After days of bad news for Labour over the decision of several moderates to quit and form The Independent Group, it’s now the turn of the Tories. Three Conservative MPs have today resigned the party whip to join the group. In a joint letter to the Prime Minister, Anna Soubry, Sarah Wollaston and Heidi Allen say they no longer feel at home in a party where the policies are so ‘firmly in the grip of the ERG and DUP’. They will now join eight former Labour MPs in the newly formed group – bringing the total size up to 11.
While the news has shocked some Conservatives, these three MPs were the politicians who were seen as the most likely to quit. Both Sarah Wollaston and Heidi Allen are regarded by many colleagues as independent MPs anyway – both taking positions which frequently go against the governments. There is more surprise that Anna Soubry has decided to go. Although Soubry has been very vocal about her dismay at the government’s Brexit position, she is seen as someone who has strong Conservative values in other areas.

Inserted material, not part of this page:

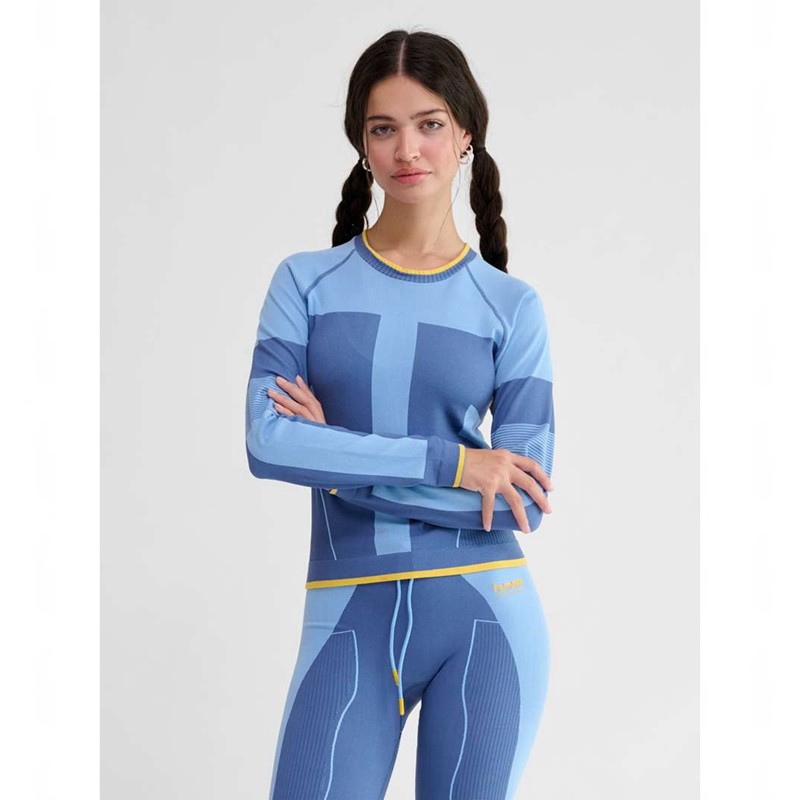 T Shirts Hummel Seamless Tee Ls Femme Bleu | 912385-998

This is in part why the news of these three MPs joining the new group is likely to met with some relief by Labour high command. Speaking to Labour politicians and staffers in recent days, there was a view in some quarters that any Tory involvement would prove helpful to Corbyn in deterring more departures. This is for two reasons. Firstly, it makes it easier for Labour to attack – they can accuse former colleague of working with Tories. Secondly, the fact that former Conservative MPs are in it could put off unhappy tribal Labour MPs from making the jump. Soubry’s voting record on austerity can easily be weaponised by Labour. Notably, Momentum have quickly gone on the offensive: ‘It’s clear that the new party is a Blairite-Tory coalition aimed at resurrecting a dead agenda of privatisation, deregulation and tax cuts for the super rich’.

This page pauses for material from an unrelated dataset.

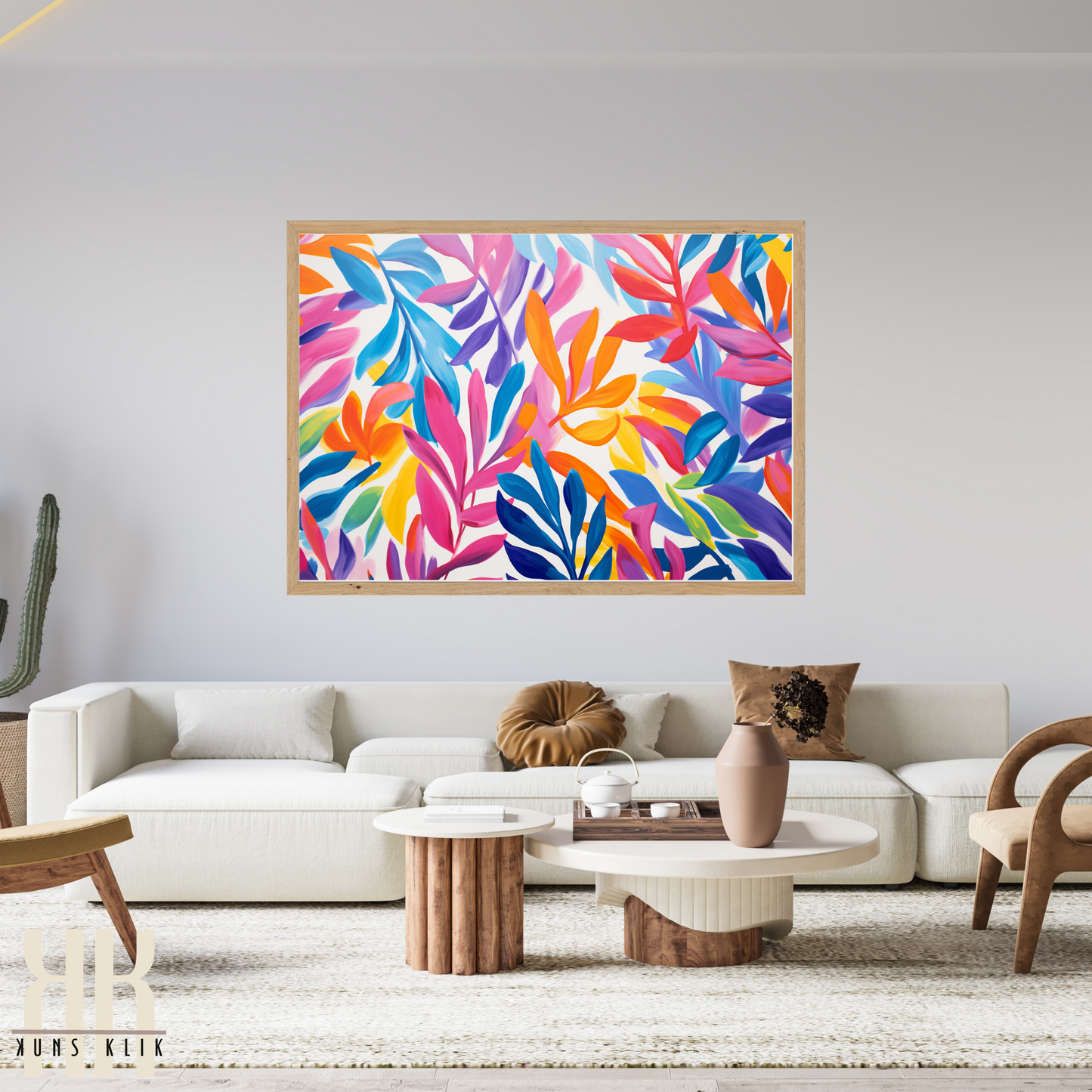 Colourful Leaf Broad Brush Stroke Matisse Pattern Print - 19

It’s now on the new group to show what they are about – and how they plan to bring this coalition of views together. It could be that this is the beginning of the much-hyped realignment of politics – but for not at least the group appears to be a party made up of second referendum campaigners. More MPs from both the Conservatives and Labour could now follow – particularly those in both parties currently facing deselection threats. However, the involvement of Tories so early on could be enough to at least slow down the pace of Labour defections.